(SOURCE INFORMATION begins)

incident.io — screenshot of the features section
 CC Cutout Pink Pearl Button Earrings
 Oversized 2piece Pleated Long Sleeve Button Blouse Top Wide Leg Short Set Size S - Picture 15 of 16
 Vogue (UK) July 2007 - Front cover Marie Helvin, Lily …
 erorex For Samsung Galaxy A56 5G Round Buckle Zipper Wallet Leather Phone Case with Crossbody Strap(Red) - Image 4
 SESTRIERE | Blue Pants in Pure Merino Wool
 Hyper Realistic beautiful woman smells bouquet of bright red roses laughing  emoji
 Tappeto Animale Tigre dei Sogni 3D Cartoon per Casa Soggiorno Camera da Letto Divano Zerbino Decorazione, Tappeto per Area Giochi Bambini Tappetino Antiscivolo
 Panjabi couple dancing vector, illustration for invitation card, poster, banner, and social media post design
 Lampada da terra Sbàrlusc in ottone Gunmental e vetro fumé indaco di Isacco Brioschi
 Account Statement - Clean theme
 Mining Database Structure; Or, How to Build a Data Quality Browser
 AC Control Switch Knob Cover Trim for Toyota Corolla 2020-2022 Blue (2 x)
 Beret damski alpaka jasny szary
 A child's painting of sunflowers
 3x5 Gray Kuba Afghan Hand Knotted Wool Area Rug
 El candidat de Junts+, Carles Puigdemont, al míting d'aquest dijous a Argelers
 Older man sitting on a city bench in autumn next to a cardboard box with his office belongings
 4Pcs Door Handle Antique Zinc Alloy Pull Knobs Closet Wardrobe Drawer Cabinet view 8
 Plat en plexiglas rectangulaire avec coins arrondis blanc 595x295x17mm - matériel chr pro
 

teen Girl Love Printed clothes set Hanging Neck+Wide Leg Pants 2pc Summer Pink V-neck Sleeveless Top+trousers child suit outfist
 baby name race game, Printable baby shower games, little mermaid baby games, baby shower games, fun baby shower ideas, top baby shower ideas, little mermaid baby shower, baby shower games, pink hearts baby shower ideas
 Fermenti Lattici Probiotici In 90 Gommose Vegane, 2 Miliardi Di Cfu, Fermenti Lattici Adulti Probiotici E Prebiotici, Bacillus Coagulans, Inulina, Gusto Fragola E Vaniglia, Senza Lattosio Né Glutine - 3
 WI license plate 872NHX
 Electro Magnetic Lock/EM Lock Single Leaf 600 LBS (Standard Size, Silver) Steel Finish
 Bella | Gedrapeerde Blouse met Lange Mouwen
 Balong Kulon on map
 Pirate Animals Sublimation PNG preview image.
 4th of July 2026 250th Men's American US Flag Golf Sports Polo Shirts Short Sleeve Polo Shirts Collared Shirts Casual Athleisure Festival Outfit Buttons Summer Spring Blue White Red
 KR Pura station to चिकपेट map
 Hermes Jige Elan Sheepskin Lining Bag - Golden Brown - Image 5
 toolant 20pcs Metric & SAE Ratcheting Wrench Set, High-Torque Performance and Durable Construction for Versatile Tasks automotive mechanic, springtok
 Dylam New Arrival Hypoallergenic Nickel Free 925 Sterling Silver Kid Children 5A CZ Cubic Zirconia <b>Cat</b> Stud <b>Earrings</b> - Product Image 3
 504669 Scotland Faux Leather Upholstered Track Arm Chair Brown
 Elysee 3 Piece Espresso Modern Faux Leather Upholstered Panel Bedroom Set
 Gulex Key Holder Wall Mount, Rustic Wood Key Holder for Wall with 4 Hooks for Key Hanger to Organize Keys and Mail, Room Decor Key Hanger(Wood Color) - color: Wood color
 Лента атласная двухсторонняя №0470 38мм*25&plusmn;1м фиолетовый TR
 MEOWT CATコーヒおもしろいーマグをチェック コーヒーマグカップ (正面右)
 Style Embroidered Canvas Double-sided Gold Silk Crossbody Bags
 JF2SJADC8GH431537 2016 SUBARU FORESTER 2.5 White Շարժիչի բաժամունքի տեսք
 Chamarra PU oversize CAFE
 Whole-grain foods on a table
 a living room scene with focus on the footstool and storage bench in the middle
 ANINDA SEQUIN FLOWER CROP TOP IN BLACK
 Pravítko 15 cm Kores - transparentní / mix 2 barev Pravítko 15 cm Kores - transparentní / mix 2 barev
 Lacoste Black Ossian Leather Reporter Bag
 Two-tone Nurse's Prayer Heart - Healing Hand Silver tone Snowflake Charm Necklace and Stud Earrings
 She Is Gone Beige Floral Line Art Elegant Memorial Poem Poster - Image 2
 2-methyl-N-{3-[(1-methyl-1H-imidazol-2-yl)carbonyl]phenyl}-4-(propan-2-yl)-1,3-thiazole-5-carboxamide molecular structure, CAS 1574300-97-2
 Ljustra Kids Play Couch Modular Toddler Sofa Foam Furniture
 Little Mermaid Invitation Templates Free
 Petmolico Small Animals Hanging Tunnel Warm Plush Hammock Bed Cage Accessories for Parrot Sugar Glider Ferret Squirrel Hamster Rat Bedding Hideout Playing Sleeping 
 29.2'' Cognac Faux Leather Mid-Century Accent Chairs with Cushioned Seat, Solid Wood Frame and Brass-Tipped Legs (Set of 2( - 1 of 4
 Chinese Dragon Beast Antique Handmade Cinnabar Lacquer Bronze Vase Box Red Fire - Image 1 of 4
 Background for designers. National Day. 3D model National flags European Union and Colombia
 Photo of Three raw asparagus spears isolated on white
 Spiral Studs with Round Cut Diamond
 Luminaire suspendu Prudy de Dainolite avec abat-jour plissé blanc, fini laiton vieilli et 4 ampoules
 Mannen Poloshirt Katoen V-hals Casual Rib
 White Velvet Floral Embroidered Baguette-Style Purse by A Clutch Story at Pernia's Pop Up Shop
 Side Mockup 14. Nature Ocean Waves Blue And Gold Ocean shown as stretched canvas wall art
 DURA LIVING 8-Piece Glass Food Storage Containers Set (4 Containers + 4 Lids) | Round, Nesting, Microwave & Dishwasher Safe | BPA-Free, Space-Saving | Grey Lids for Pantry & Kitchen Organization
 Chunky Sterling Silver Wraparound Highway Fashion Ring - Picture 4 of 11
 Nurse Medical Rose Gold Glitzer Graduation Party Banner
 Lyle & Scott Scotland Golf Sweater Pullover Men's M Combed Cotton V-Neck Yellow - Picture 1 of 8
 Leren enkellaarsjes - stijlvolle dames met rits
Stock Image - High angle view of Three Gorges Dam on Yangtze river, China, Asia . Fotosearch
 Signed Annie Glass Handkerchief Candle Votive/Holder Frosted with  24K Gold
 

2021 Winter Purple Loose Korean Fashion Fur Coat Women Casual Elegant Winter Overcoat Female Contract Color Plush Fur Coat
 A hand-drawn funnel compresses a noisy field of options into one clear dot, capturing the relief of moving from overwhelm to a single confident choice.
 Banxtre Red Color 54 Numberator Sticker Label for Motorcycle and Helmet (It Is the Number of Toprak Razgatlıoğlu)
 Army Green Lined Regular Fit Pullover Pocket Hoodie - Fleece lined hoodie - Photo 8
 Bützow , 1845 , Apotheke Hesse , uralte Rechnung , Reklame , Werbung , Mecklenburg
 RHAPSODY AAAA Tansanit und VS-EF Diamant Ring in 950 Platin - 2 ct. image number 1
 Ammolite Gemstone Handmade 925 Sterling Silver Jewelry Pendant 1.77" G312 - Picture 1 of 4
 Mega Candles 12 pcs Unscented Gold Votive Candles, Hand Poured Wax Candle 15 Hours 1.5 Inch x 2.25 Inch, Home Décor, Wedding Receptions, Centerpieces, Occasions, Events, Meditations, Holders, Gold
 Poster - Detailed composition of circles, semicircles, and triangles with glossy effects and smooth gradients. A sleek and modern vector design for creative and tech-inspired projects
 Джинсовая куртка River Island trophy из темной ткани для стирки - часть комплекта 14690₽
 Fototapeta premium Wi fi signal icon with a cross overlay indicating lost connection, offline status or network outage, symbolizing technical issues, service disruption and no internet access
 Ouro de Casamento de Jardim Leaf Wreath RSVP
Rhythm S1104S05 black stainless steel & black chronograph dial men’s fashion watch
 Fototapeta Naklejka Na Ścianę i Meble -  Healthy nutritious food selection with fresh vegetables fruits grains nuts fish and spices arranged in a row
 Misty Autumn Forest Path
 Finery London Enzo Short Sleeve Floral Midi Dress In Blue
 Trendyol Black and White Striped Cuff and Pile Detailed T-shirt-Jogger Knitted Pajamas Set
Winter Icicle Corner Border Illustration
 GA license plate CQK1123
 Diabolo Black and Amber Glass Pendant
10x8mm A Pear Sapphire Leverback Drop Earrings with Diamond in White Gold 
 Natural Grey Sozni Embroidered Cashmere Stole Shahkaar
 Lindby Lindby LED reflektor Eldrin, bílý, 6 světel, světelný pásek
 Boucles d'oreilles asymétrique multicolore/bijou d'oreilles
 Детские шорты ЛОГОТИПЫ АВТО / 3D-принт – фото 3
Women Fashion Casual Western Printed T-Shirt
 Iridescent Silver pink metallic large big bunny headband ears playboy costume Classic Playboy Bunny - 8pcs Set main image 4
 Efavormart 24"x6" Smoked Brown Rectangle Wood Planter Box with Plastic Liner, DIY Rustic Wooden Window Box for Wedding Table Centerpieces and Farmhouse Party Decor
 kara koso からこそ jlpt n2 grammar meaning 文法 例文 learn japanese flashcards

(SOURCE INFORMATION ends)

### WHAT YOU WILL DO
Taking the line with "Banxtre Red Color" as the first and the line with "Army Green Lined" as the last, retype that stretch of the data above exactly, with no other lines.

### RESULT OF THIS TASK
 Banxtre Red Color 54 Numberator Sticker Label for Motorcycle and Helmet (It Is the Number of Toprak Razgatlıoğlu)
 Army Green Lined Regular Fit Pullover Pocket Hoodie - Fleece lined hoodie - Photo 8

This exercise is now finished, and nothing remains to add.